I believe that Intel at present prices is a great value, and a testament to the short-term time horizon of most investors. The price war has forced Intel’s gross margins from the height of 59% in 2005 down to 47% in the latest quarter. Revenue has slid from a high of $38.8 bil in 2005 to a low of $35.3 bil in 2006. Net income for the first quarter of 2007 is already 20% higher than last year. Continued cost cutting as well as the rapid growth of CPU sales in foreign markets should continue to lift earnings, and an end to the price war at an indeterminate time in the future will cause a huge jump in earnings. I expect that Intel should achieve earnings of $6 bil in 2007, and possibly $9 bil or more in 2008. At a PE of 22 (corresponding to a 10% growth for 10 years at a discount rate of 9% by DCF analysis), INTC is fairly valued at 2007 predicted earnings, and will probably rise to around $35 in 2008.

I view Intel as a stock with excellent long-term value. While I typically look for a much larger margin of safety, I also think that in this case, paying up for a quality company is worth it. Accordingly, INTC is at this time my largest holding.

{ 2 comments… read them below or add one }

balle August 13, 2007 at 4:22 pm

Even though I agree with the broad assertion that INTC is a good buy at these level, I completely dis-agree with the basis for the reasoning. Actually, the reasoning presented is shallow and made on false statement

“The basic structural fact is that AMD has greater unit costs than Intel, and therefore cannot possibly compete on price.”

This statement is wrong. Actually, AMD has always done better on COGS than INTC. They have always had a smaller die size which basically gives you more wafers per die and hence a lower cost die. Because of the lower COGS, they have historically sold prices CPU and are still in business.

“The price war has forced Intel’s gross margins from the height of 59% in 2005 down to 47% in the latest quarter.”

Lower margins is new reality for INTC and Wall Street will have to adjust to that. The higher INTC margins came from being a monopoply where OEMs had little to no choice in terms of CPU vendor. That has changed. They WILL SELL AMD even if AMD parts are not performing as well, just keep INTC in line.

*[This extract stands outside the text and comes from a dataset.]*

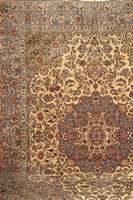 Esfahan Alt, Persien, ca. 60 Jahre, Korkwolle, ca. 400 x 300 cm, SchÄtzwert: 9000.- EURO, EHZ: 2. Sehr guter Zustand. Selte ner Weißgrundiger ...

valuegeek August 14, 2007 at 4:25 pm

I agree that AMD has a lower COGS than Intel. However, when I mentioned “unit costs”, I was including the cost of research, as well as the cost of actually building the fab plant. These costs wildly outstrip the actual wafer costs, which is basically highly purified sand. Even if you strip out the cost of research, in the semiconductor industry, the company that can maintain the highest utilization ratio of its fab plants will end up with the lowest cost chip. These indirect costs are not neatly reflected in the income statements, but make no mistake, they define the cost structure of the semiconductor industry. This is why outsourcing chip manufacture is a possible strategy for AMD. If you cannot maintain close to 100% utilization of your fab plant, you are going to lose money hand over fist until you sell your fab plant.

I also agree that most retailers will continue to sell AMD chips, just to keep Intel in line. However, as long as the most advanced CPUs, the ones that has the highest profit margins, are completely dominated by Intel, than I think higher profit margins for Intel is not unreasonable.